WORK ORDER: Would you please return the line containing "this 975×650 image." and all the lines after it through the end of the records below, unchanged and on their own?

____ DATASET

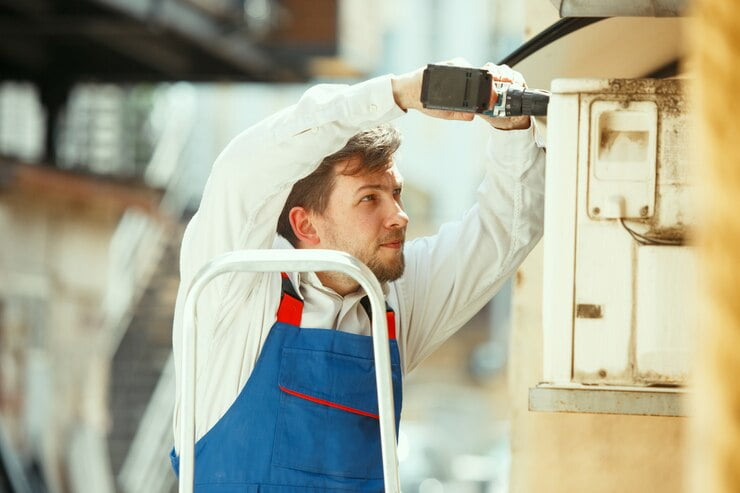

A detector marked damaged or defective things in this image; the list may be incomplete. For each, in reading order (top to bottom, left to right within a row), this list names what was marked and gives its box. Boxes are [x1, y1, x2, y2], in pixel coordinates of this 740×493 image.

rusty stain [576, 304, 604, 320]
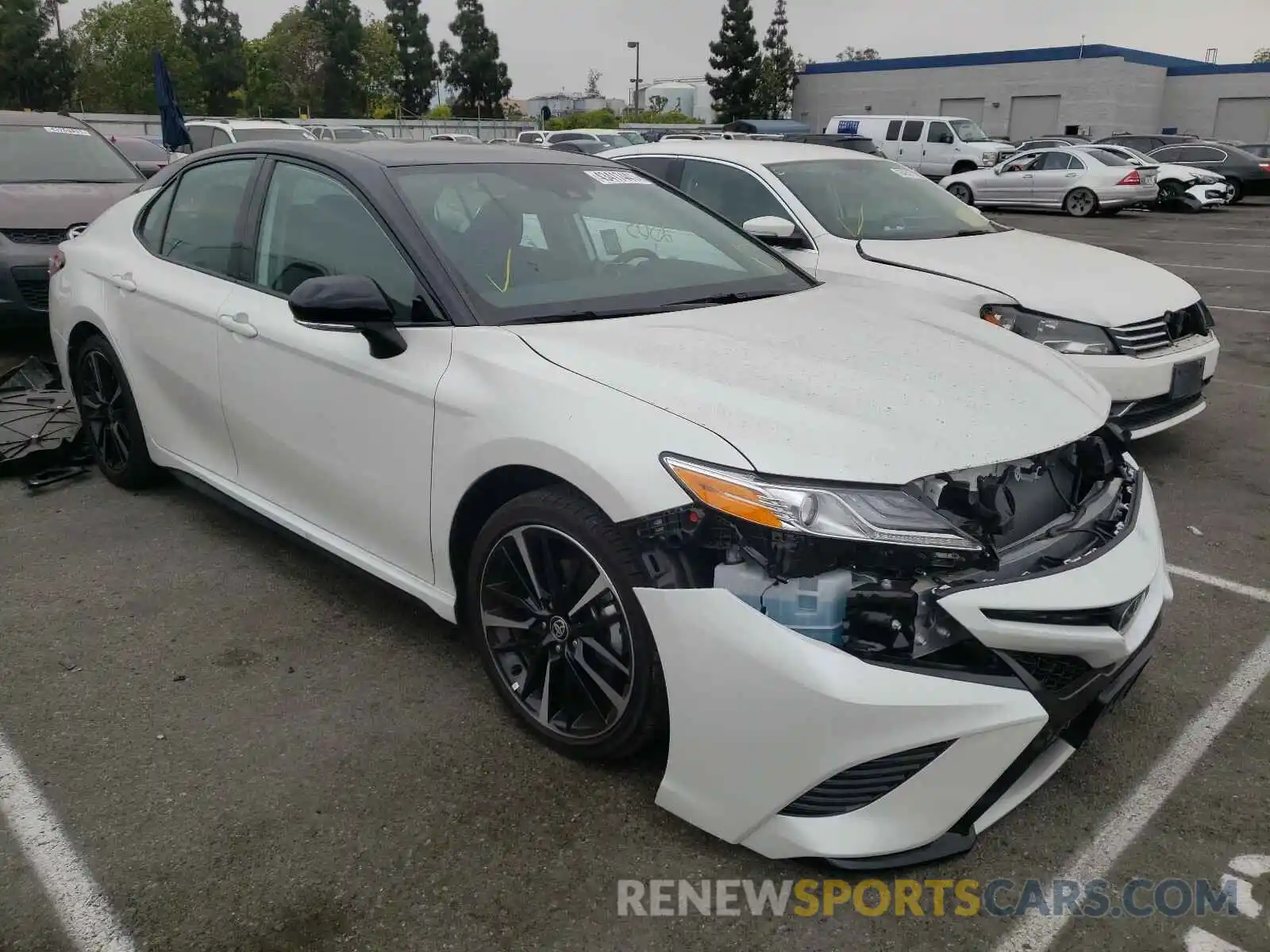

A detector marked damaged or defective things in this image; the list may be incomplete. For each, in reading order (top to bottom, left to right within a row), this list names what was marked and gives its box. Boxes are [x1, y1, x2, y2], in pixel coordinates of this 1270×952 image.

damaged front bumper [635, 474, 1168, 868]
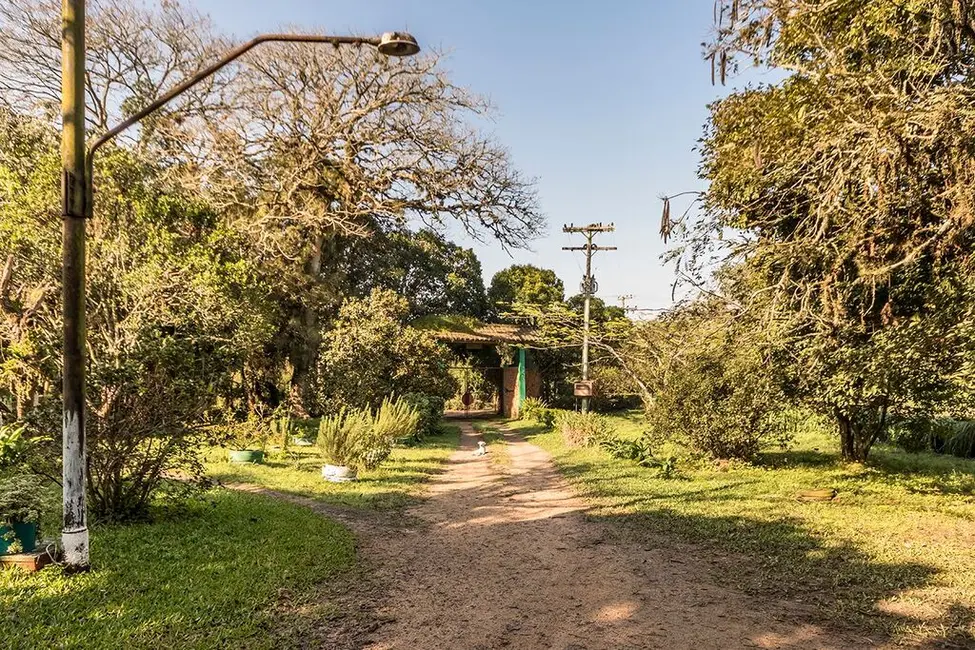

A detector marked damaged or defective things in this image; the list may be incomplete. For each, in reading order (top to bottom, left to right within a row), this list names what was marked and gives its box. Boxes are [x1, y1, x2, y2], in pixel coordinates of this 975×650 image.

rusty metal pole [60, 0, 90, 568]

________

RESPONSE BOX:
A detector marked damaged or defective things in this image; the list may be incomplete. For each, in reading order (top to bottom, left to right within a row), this list names what was marked and gives its box. Boxes are [x1, y1, x2, y2], in pixel coordinates of this 975×650 image.

rusty metal pole [60, 0, 90, 568]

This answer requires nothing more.